**WORK ITEM:**
Lines before the one containing "Cárceles de Venezuela | Imagen de referencia" are not wanted; restate the rest below word for word, through the last line, but drop any pictures.

**Caption-style text data:**
::::::

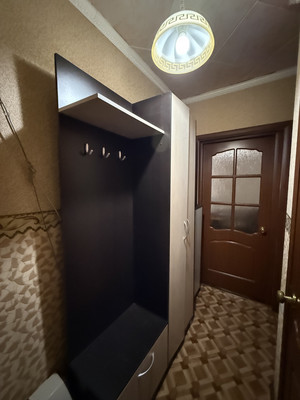 Продам однокомнатную (1-комн.) квартиру, Мира ул, 17, Рошаль г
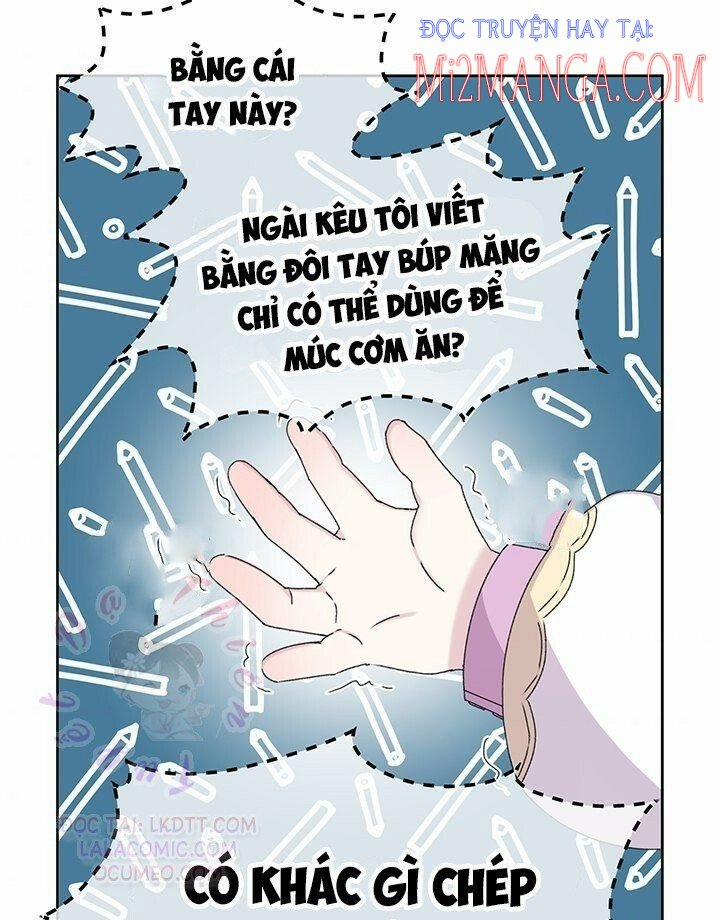 manhwax10.com - Truyện Manhwa Công Chúa Ác Ma Chương 12 5 Trang 15
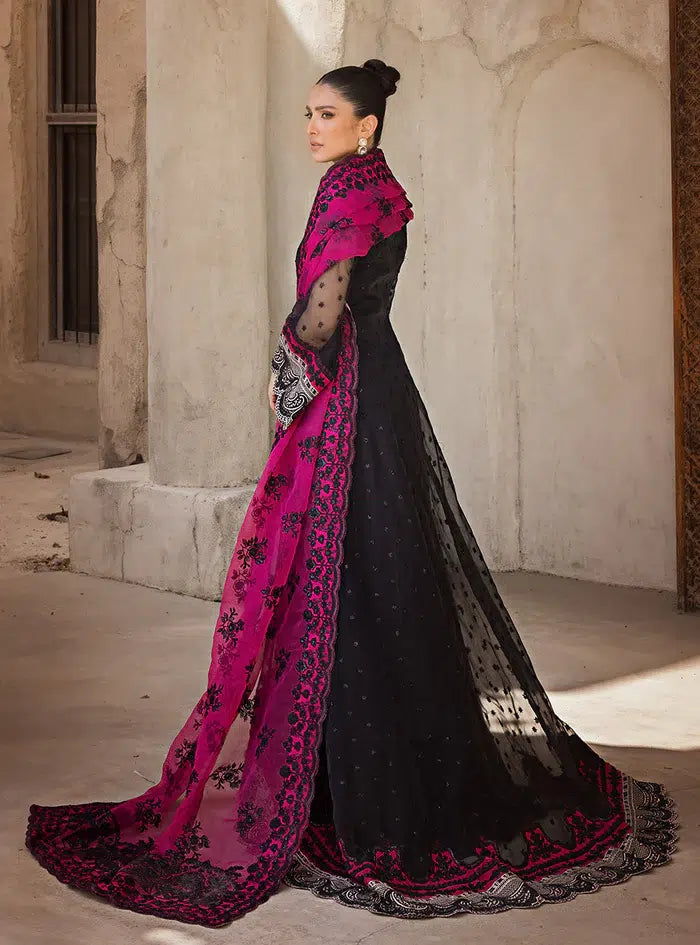 Zainab Chottani | Wedding Festive 23 | Nora - Official Zainab Chottani - Agha Fabrics UK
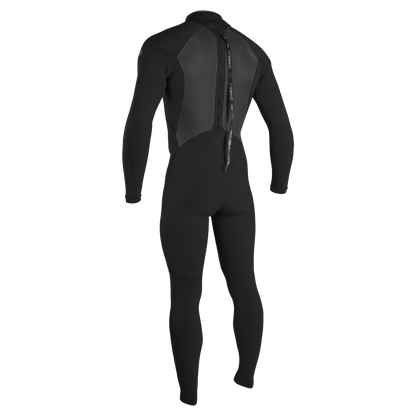 O'Neill Epic 4/3Mm Back Zip Full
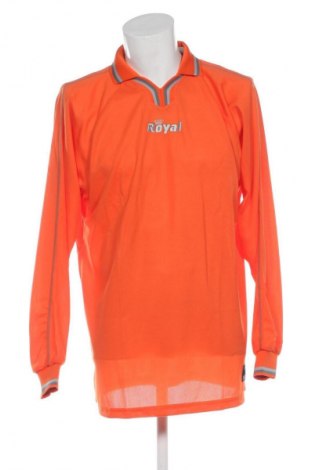 Férfi blúz Royal, Méret XL, Szín Narancssárga
, Ár 4 119 Ft
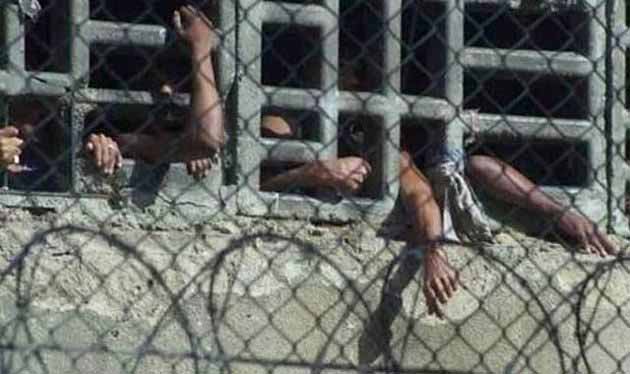 Cárceles de Venezuela | Imagen de referencia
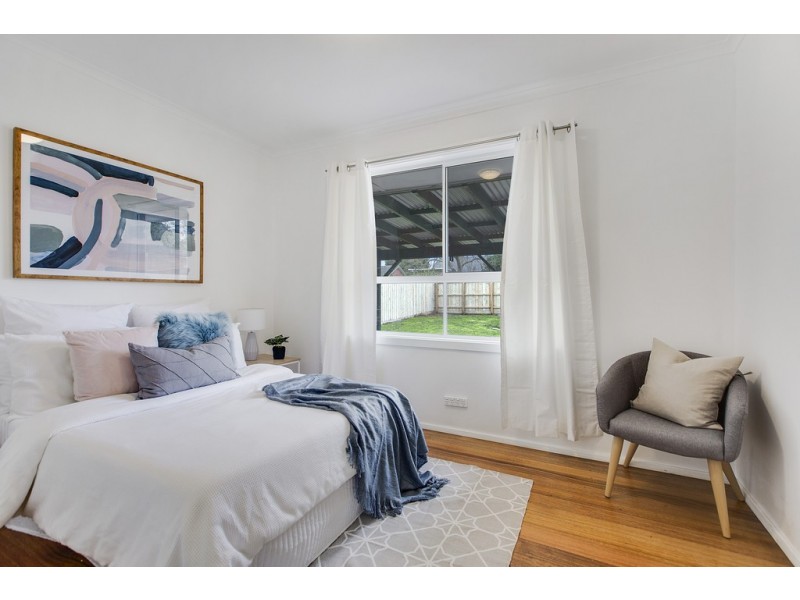 43 Aleppo Crescent, Frankston North VIC 3200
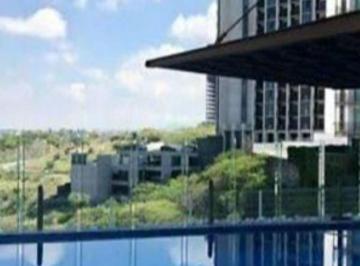Departamento de 1 habitación, Querétaro · Loft Amueblado en Renta Condominio Sierra Azul, El Marques, Querétaro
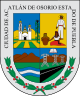 Acatlán – Stemma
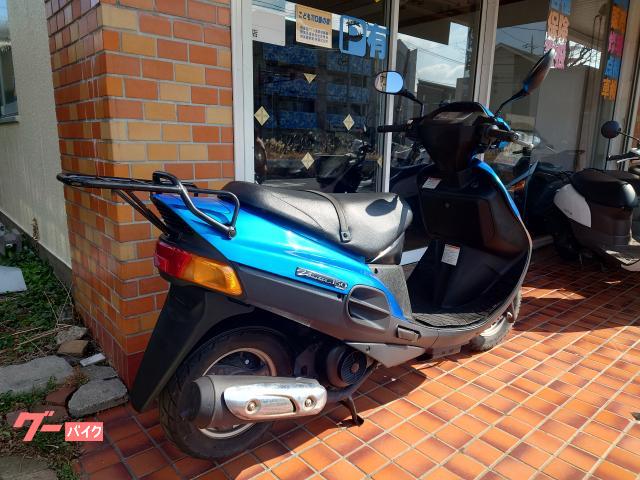 【自賠責R7迄】スズキ　ヴェクスター150・ミドルスクーター車体＠神奈川県東京都 スズキ ヴェクスター150在庫一覧/安心保証付き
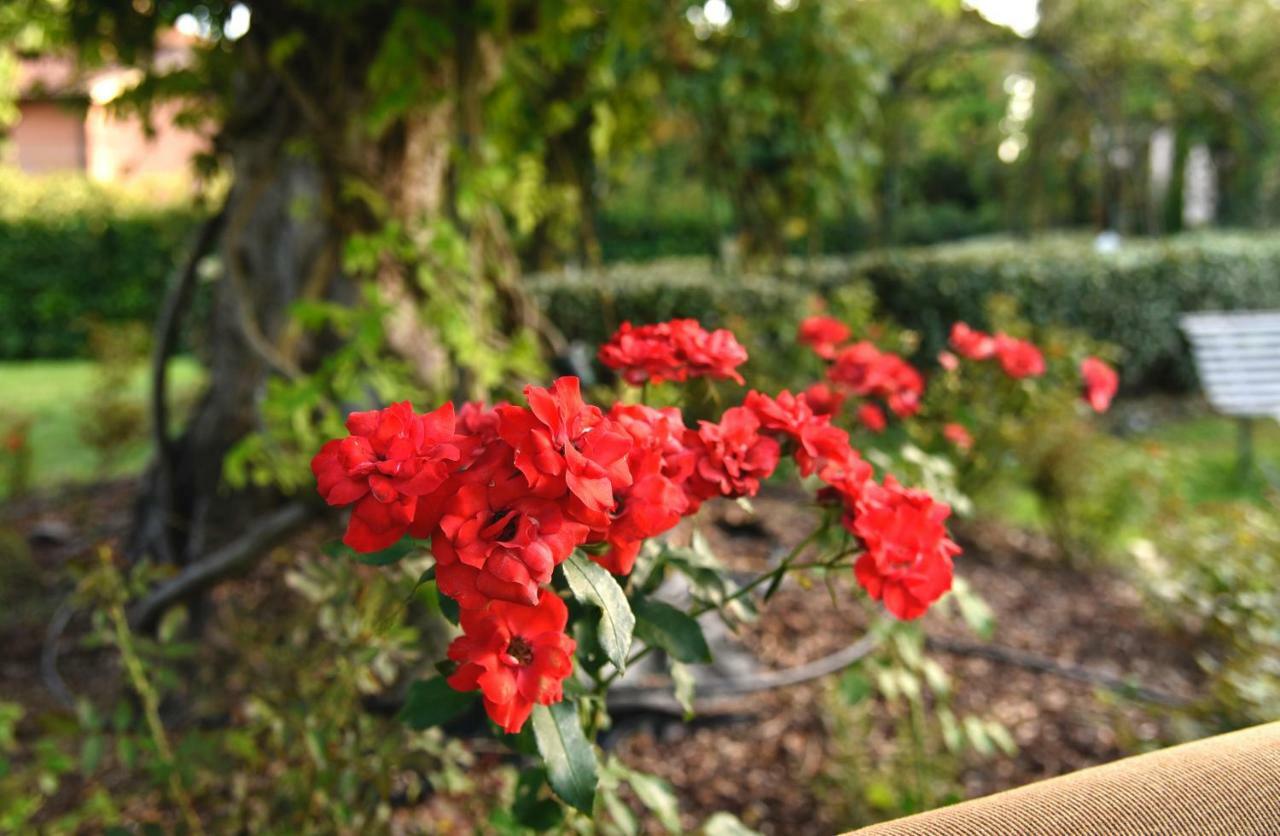 Agriturismo Argaland Parma Buitenkant foto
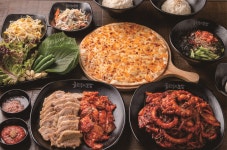 불끈낙지&보쌈 문막원주양궁장점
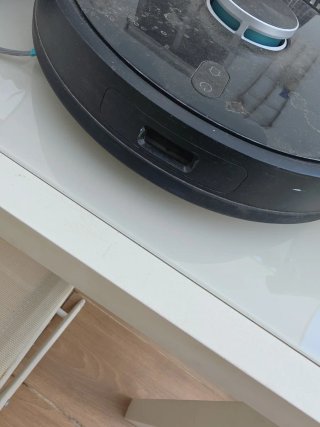 Cecotec Aspiradora Robot 4090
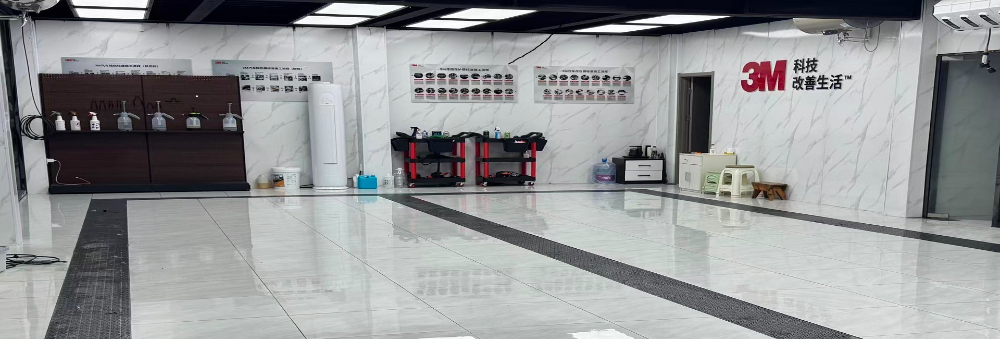 2026年优选汽车改色膜门店：专业贴膜服务深度解析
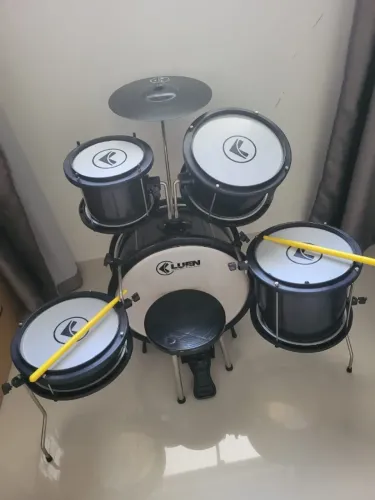 Bateria Musical LUEN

::::::

**SOLUTION:**
 Cárceles de Venezuela | Imagen de referencia
 43 Aleppo Crescent, Frankston North VIC 3200
Departamento de 1 habitación, Querétaro · Loft Amueblado en Renta Condominio Sierra Azul, El Marques, Querétaro
 Acatlán – Stemma
 【自賠責R7迄】スズキ　ヴェクスター150・ミドルスクーター車体＠神奈川県東京都 スズキ ヴェクスター150在庫一覧/安心保証付き
 Agriturismo Argaland Parma Buitenkant foto
 불끈낙지&보쌈 문막원주양궁장점
 Cecotec Aspiradora Robot 4090
 2026年优选汽车改色膜门店：专业贴膜服务深度解析
 Bateria Musical LUEN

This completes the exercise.